_Assignment_: Only one stretch of the data should be retyped: the lines from the line containing "Anymob iPhone Case" through the line containing "School backpack with". Keep pictures out of it.

_Supplied entries_:
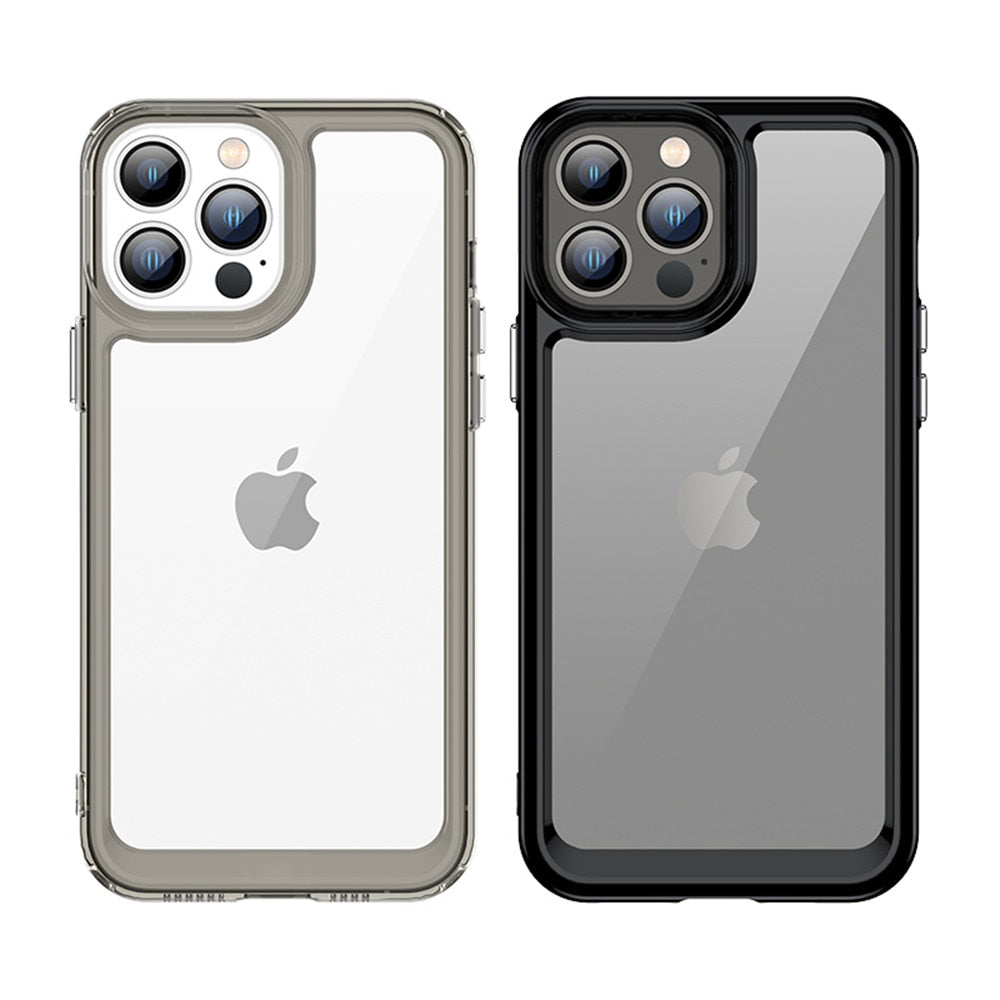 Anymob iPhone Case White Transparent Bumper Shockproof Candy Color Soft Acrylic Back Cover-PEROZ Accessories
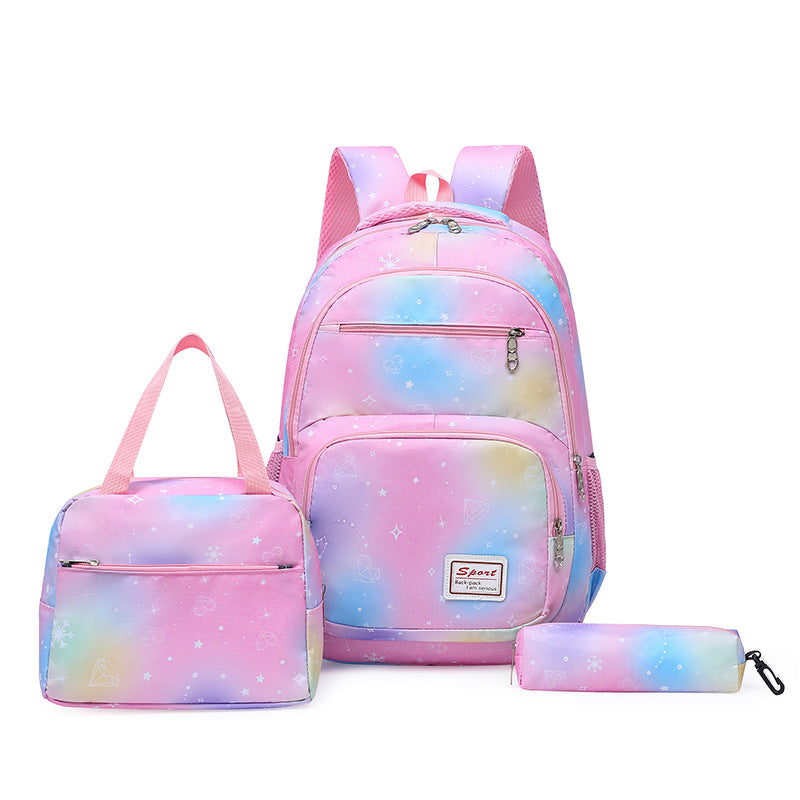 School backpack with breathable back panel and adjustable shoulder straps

* * *

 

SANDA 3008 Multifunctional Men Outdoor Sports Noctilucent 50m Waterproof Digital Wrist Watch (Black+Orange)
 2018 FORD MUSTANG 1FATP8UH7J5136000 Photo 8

...

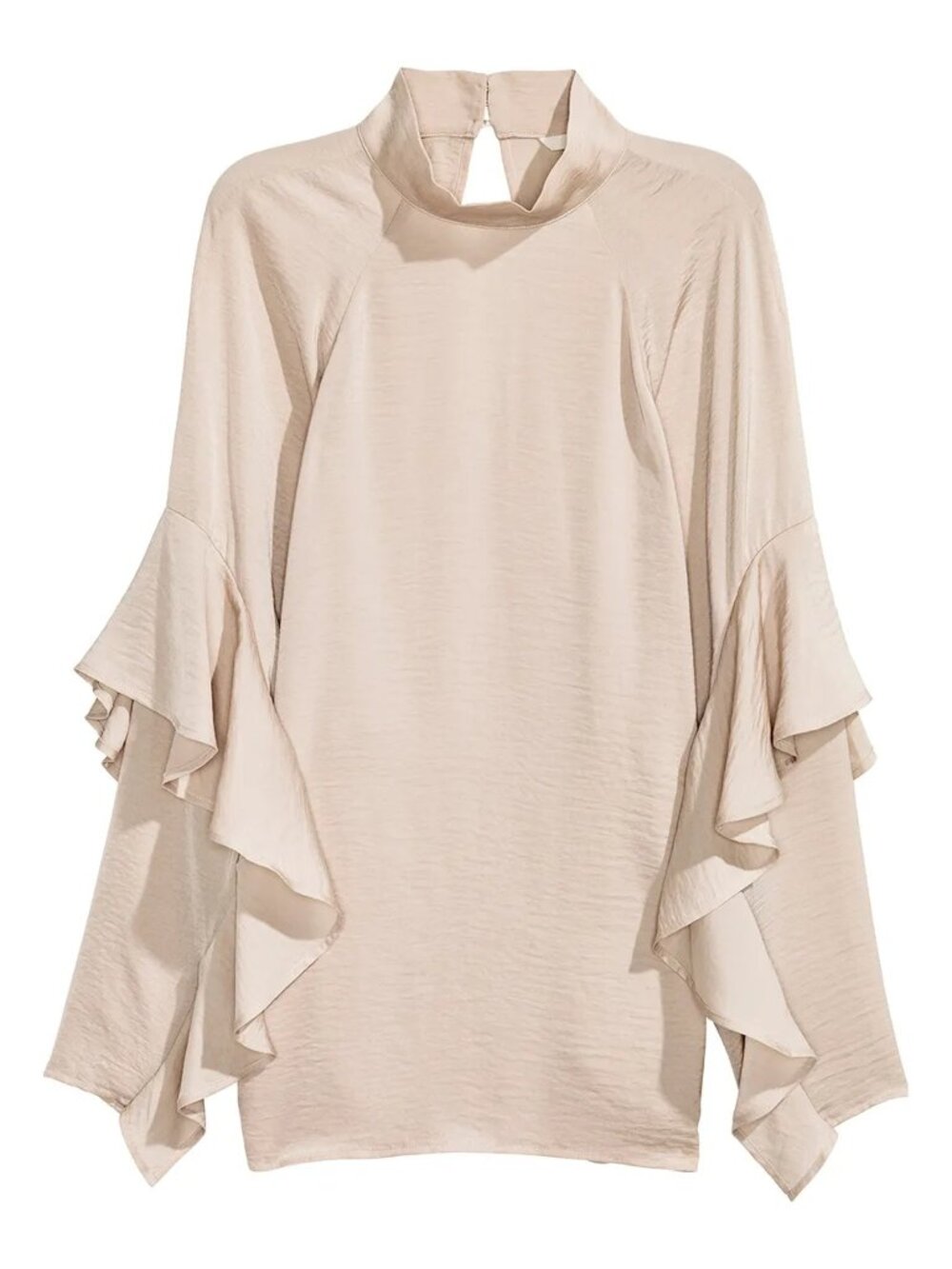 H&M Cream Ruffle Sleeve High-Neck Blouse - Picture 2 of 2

_Response to the exercise_:
 Anymob iPhone Case White Transparent Bumper Shockproof Candy Color Soft Acrylic Back Cover-PEROZ Accessories
 School backpack with breathable back panel and adjustable shoulder straps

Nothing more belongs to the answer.